§ Information provided
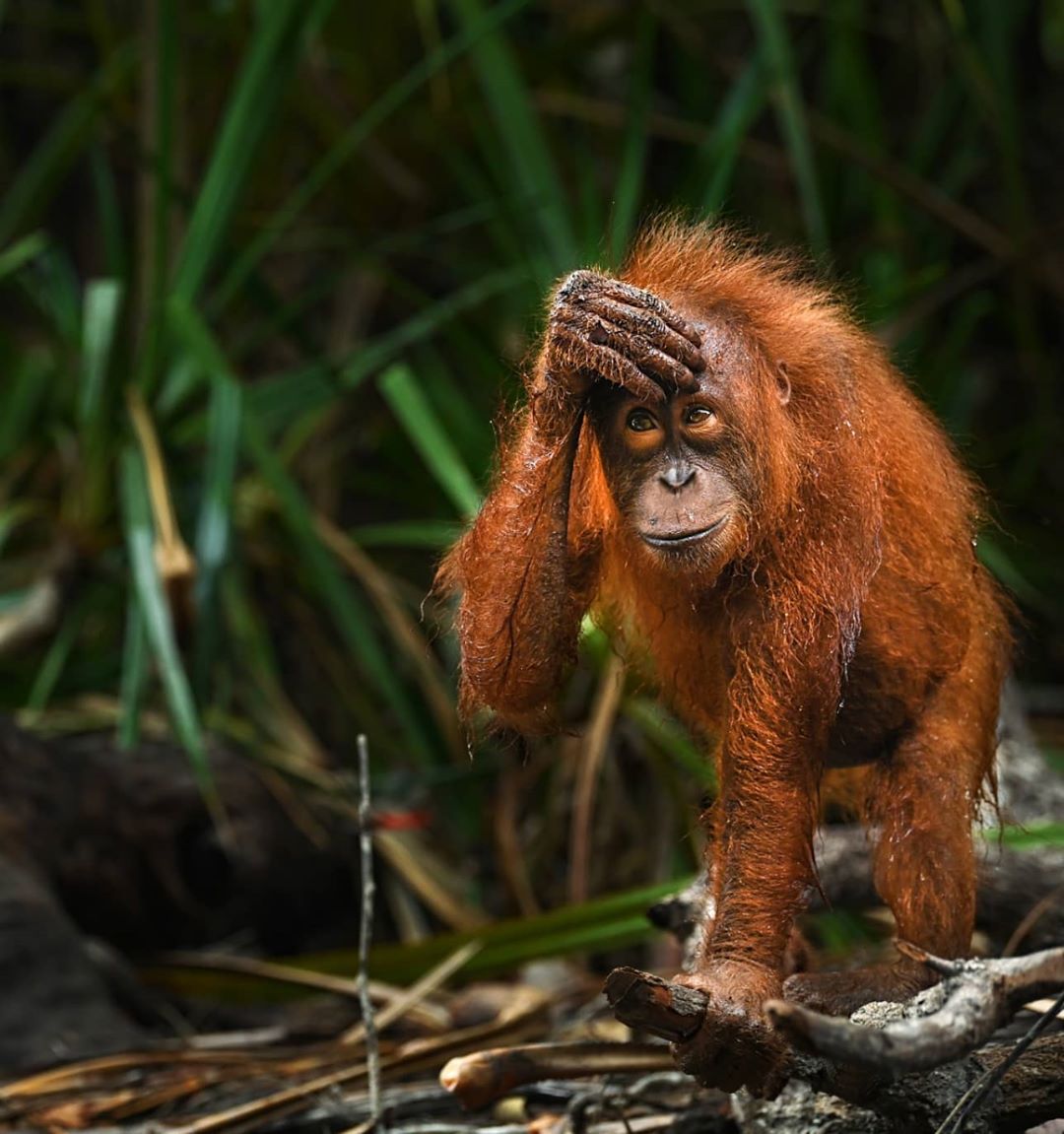Happy #InternationalOrangutanDay! We found the perfect image to match our favorite emoji 🦧

Through our Rimba Raya project, we are working to ensure critically endangered orangutans are protected. Visit this link to see how you can help! ➡️ sftre.es/uub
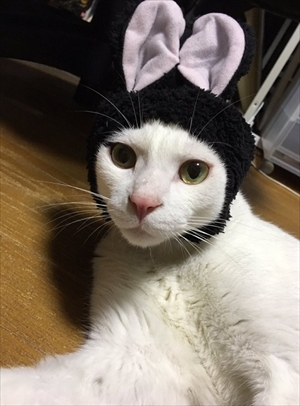 鈴を鳴らす猫ちゃん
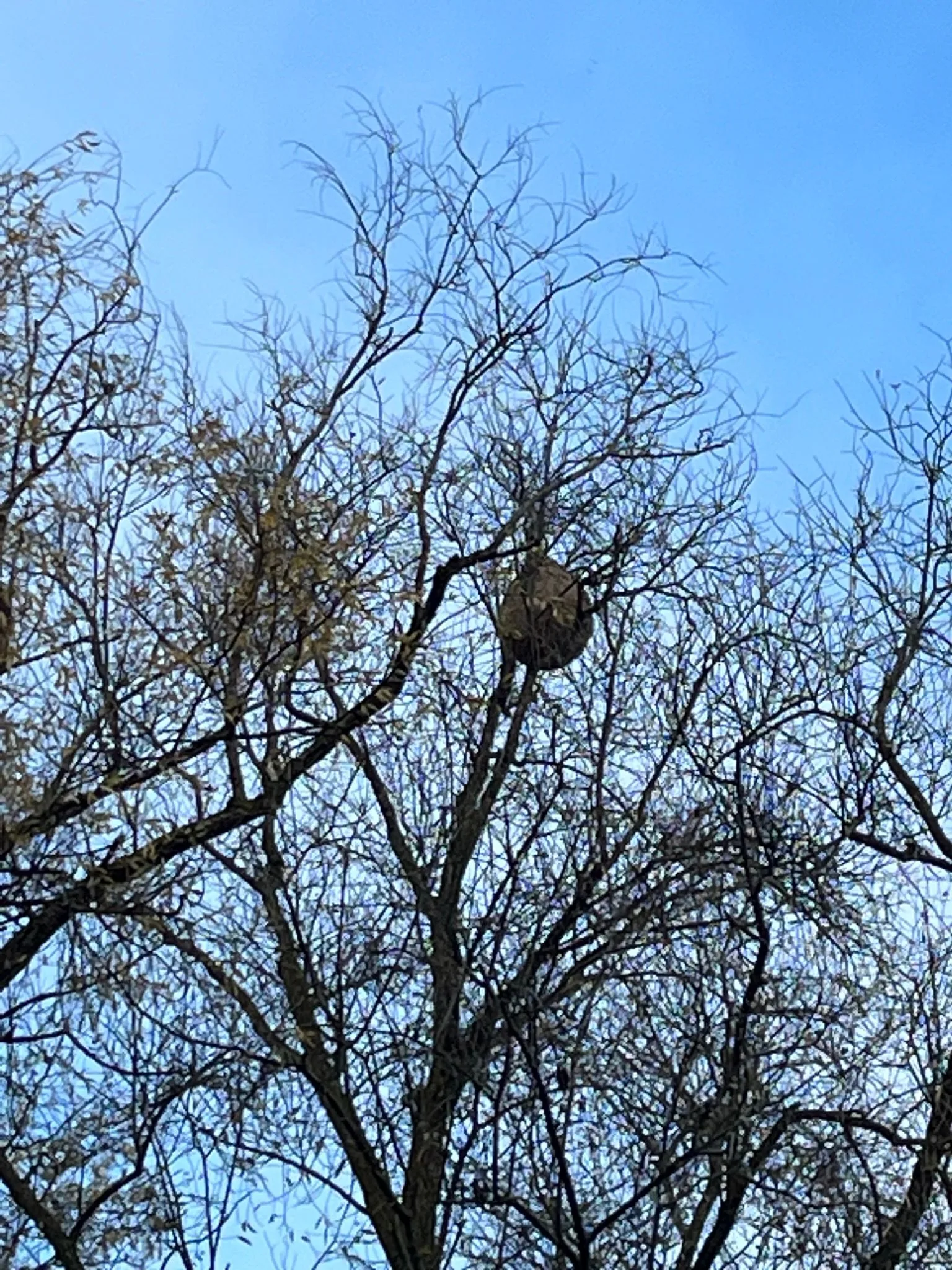 Nid signalé à Noisy-le-Grand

§ The problem
No pictures should appear in the copy. Reproduce exactly the lines from the line containing "Through our Rimba" through the last line of the data, inclusive.

§ Finished exercise
Through our Rimba Raya project, we are working to ensure critically endangered orangutans are protected. Visit this link to see how you can help! ➡️ sftre.es/uub
 鈴を鳴らす猫ちゃん
 Nid signalé à Noisy-le-Grand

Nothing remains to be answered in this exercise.